Petite bombe dans l’univers littéraire : une auteure se plaint de la difficulté de connaître le succès quand on n’est pas vedette. Si, pour démontrer l’injustice, elle avait dénoncé le succès du Livre de la lumière, propulsé par la célébrité de Ginette Reno, ou encore, la publication d’un tome 2 de La Mijoteuse de Ricardo, on aurait compris. C’est plutôt à la notoriété de Fanny Britt, la fille de théâtre, que s’en prend Annie Cloutier dans une tirade qui se veut honnête et sans filtre, mais qui est plutôt maladroite.

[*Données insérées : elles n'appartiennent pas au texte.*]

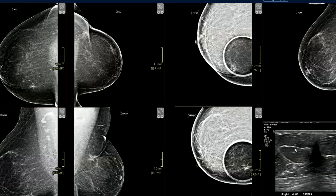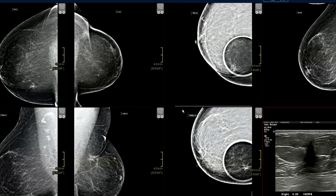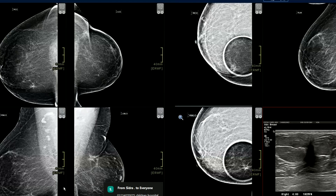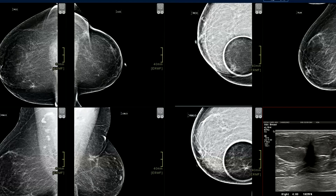Spot compression views confirm persistence of the spiculated lesion with surrounding distortion. Ultrasound shows a taller-than-wider lesion with irregular margins and surrounding architectural distortion. Given that the left breast has post-surgical architectural distortion — likely prior breast carcinoma — this right breast finding is a suspicious synchronous lesion. BIRADS 5 is appropriate, especially since lymph nodes are unremarkable.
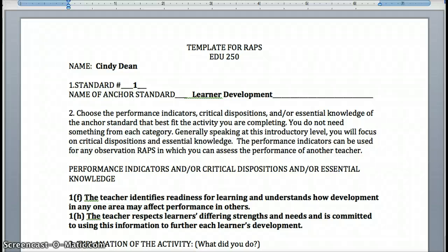Hi folks, this video is to help explain the RAPS assignments, for which you'll do four this semester. RAPS stands for Reflective Activities in Your Portfolio, and you will find four sections of those throughout your text. I have assigned particular standards for particular times, so I've changed that up a bit this semester. You won't be choosing RAPS from across the standards — we're going to divide them up into those four broad categories.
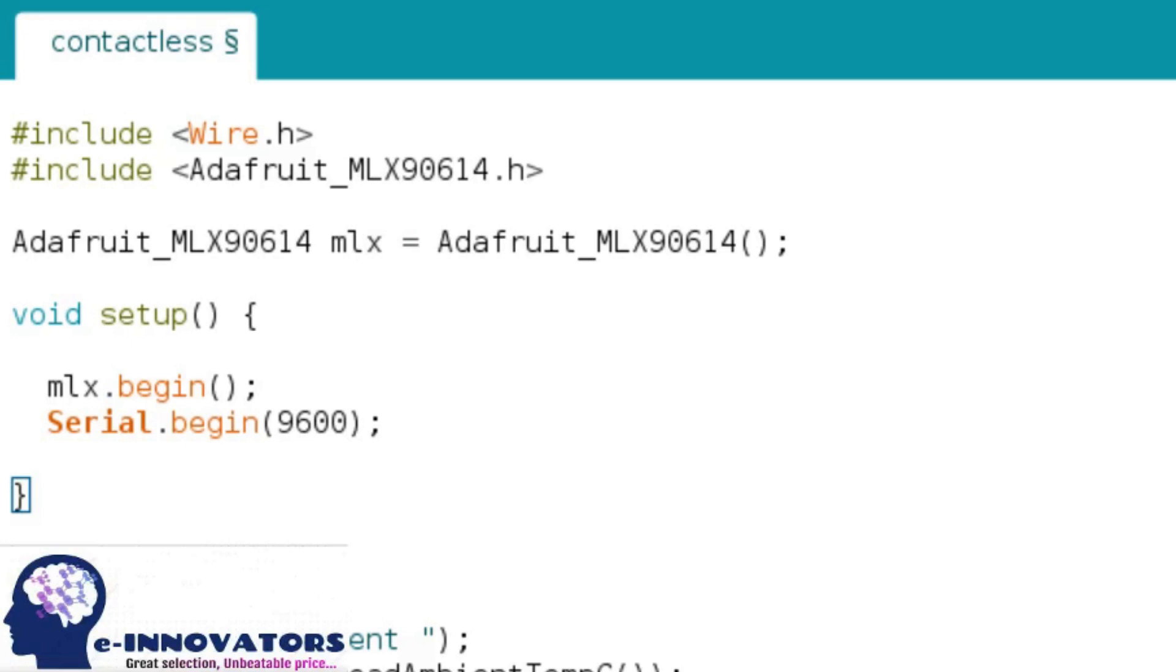Secondly, in the setup function, we have to initialize the sensor mlx.begin and serial monitor serial.begin.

«Ce roman ne possède rien – mais vraiment rien – que mes propres romans n’ont pas. Je sais que je n’ai pas le droit d’écrire ceci, mais je l’écris quand même», s’aventure l’auteure, en parlant des Maisons de Fanny Britt. Si certaines choses ne se disent pas, ce n’est pas toujours seulement parce qu’elles ne sont pas belles. Dans ce cas, c’est parce qu’une auteure est probablement la personne la moins bien placée pour juger de la qualité de son travail à l’aune de celui de ses collègues.

L’auteure accuse ensuite toutes sortes de facteurs d’être responsables de l’anonymat relatif de ses trois romans et de son essai. Une maison d’édition pas assez ambitieuse, un manque d’intérêt pour les 5 à 7, un style littéraire qui refuse les anglicismes, et un présumé boycott de la part de l’émission Plus on est de fous plus on lit.

«En septembre 2012, j’ai signé une pétition mise en ligne par une amie écrivaine. Cette pétition demandait qu’il y ait plus de contenu québécois à l’émission Plus on est de fous, plus on lit, à la radio de Radio-Canada. À cause de ma signature sur cette pétition, l’animatrice de l’émission, Marie-Louise Arsenault, a refusé de m’accueillir lors de la publication d’Une belle famille, mon troisième roman», présume l’auteure. Du peu que je connais de Marie-Louise Arsenault, je suis pas mal certaine qu’il s’agit d’une personne à la fois capable de prendre la critique, et sensible à la promotion des artistes québécois.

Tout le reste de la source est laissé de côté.